As much as Americans like to pretend to worship at the altar of kale, many of us are cheating with chips, a new study suggests.
We like junk food so much that 61% of the food Americans buy is highly processed, according to research published in the American Journal of Clinical Nutrition. And almost 1,000 calories a day of person’s diet come solely from highly processed foods.
Not all processed food is the same, however. The USDA classifies processed food as any edible that’s not a raw agricultural commodity, so even pasteurized milk and frozen fruits and vegetables count. “It’s important for us to recognize that a processed food is not just Coca-Cola and Twinkies—it’s a wide array of products,” says study author Jennifer Poti, a research assistant professor at the University of North Carolina at Chapel Hill.
So in the first study of its kind, researchers scrutinized our diets by analyzing a massive set of data of the foods we buy while grocery shopping.

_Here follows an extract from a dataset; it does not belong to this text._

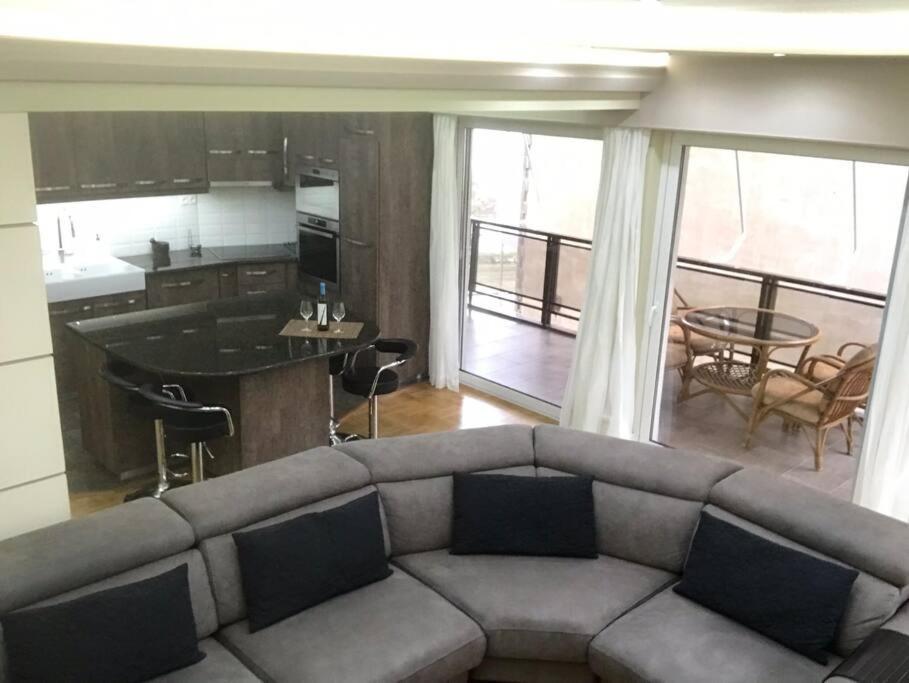 Finer Things Flisvos Beach Condo In Palaio Faliro أثينا المظهر الخارجي الصورة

The stats came from 157,000 shoppers, who tracked their edible purchases with a barcode scanner from 2000-2012, for anywhere from 10 months to 14 years.
Using software that picked out words in the nutrition and ingredient labels, the 1.2 million products were placed into one of four categories :minimally processed—products with very little alteration, like bagged salad, frozen meat and eggs—basic processed—single-ingredient foods but changed in some way, like oil, flour and sugar—moderately processed—still recognizable as its original plant or animal source, but with additives—and highly processed—multi-ingredient industrial mixtures that are no longer recognizable as their original plant or animal source.

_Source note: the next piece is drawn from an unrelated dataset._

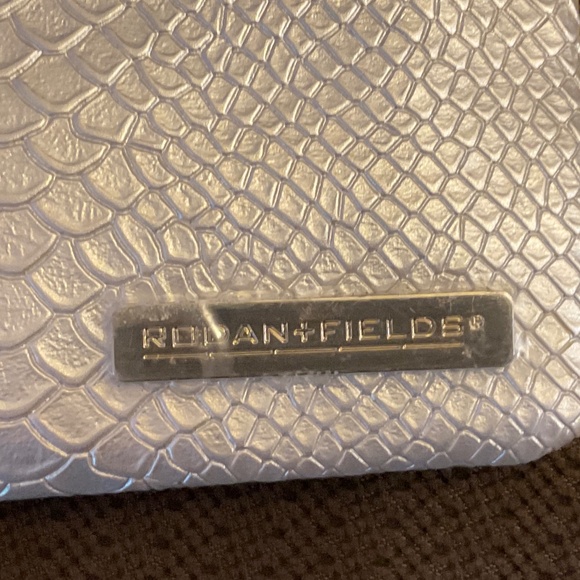 Rodan Fields Silver clutch/wristlet - Picture 6 of 7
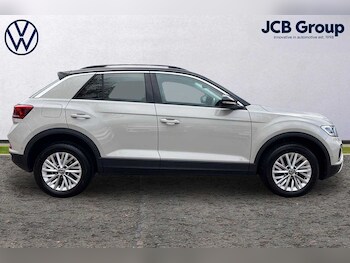 Used Volkswagen T-Roc 2023 for sale - 76675828: Photo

Preferences for highly processed foods were remarkably stable over time, Poti says, which likely has implications for our health, since the study also found that highly processed foods were higher in saturated fat, sugar and salt than other purchases. But interestingly, no U.S. study has yet looked at the link between highly processed foods and health outcomes like obesity and diabetes, Poti says.
To be clear, the researchers aren’t pooh-poohing processing, per se. “Food processing is important for food security and nutrition security of Americans,” Poti says. The study wasn’t able to capture the full spectrum of our diets—loose spinach doesn’t come with a barcode, after all—and the authors acknowledge that food purchasing doesn’t always directly translate to dietary intake. But the results suggest that we might want to swap some bags of chips for, say, cans of beans. “Foods that required cooking or preparation”—like boxed pasta and raw eggs—”were generally less than 20% of calories purchased throughout the entire time period,” Poti says.